12.07.12 Written by Vince Mancini

A High-Speed Tricycle Chase and a $300K Pirate Ship: Katt Williams’ Crazy Week

Not many people are covering the insane meltdown that Katt Williams has been having for the past few weeks, I suspect because there’s just too much to cover. I almost broke my browser trying to keep track of it all. But by God, any story that involves a guy attempting to pay cash for a state ferry and going on a high-speed tricycle chase is a story that deserves to be told. I’m going to go in chronological order here, so bear with me, because a lot of the best stuff is at the end.

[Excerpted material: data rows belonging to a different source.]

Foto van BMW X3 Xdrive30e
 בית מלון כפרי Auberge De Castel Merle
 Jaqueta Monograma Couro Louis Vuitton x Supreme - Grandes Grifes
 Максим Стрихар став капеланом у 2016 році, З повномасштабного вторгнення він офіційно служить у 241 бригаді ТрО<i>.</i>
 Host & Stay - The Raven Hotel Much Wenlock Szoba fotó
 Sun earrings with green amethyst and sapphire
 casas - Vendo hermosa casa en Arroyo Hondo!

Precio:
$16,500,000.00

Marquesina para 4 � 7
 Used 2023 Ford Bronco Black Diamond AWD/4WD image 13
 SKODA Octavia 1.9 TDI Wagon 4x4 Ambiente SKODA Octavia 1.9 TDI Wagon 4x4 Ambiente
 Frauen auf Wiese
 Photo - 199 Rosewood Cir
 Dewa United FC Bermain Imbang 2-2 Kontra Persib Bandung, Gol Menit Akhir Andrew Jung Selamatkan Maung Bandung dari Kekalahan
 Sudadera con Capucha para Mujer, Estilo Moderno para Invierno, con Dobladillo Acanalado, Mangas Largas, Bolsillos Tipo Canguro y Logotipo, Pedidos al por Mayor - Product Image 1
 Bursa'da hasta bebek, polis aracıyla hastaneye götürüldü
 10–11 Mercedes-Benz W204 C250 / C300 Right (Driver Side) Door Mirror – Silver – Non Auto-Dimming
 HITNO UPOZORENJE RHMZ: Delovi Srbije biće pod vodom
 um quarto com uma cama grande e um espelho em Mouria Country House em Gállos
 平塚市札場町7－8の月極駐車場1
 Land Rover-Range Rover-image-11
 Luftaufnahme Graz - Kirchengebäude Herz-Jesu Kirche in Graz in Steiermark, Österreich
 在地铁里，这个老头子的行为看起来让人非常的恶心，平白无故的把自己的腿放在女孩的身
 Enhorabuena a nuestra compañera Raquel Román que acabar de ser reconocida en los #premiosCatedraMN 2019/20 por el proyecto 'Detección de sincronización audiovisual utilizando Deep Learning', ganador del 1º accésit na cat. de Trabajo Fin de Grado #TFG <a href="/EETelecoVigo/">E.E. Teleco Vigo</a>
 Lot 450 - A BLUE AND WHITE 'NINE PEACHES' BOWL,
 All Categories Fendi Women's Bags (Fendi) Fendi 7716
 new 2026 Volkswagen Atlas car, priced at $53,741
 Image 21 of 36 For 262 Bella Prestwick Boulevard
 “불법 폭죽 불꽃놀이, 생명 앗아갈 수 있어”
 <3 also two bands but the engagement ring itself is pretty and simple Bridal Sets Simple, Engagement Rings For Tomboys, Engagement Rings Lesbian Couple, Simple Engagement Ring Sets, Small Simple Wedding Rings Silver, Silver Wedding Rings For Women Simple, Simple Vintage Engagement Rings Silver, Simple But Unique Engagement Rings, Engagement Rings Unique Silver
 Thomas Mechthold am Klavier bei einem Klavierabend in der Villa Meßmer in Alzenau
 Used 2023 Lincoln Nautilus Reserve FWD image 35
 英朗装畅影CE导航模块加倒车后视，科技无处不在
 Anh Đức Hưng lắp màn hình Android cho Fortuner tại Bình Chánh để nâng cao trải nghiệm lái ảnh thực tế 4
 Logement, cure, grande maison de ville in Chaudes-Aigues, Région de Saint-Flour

  • In October, Williams pulled a gun on Faizon Love (yes, the fat guy from Blue Crush), supposedly after an argument over $50 grand that Williams owes, which ended with Williams getting arrested.
  • Separate from that incident, Williams was arrested for battery outside a nightclub in Oakland. An altercation that apparently began when Williams assaulted 18-year-old “aspiring rapper” Delvahn Mosley-Davis on board Williams’ tour bus.
  • Williams was in town for his shows at the Coliseum formerly known as the Oakland Coliseum, and two days after the battery arrest, Williams abruptly left the stage ten minutes into a show. He later got sued by multiple angry fans. MONEY QUOTE: “The suit filed by 35-year-old Brian Herline, of Modesto, says he and hundreds of fans were disappointed when Williams took off his clothes and challenged people to fight.”
  • Following that incident, Katt Williams showed up in Sacramento, where he was driving some sort of three-wheeled motorcycle called a Can Am on sidewalks and almost hitting people. Cops were called, Katt Williams told them he wasn’t going to stop, before leading them on a brief, high-speed tricycle chase (seriously), with Williams running several red lights until cops eventually gave up to avoid endangering the general public.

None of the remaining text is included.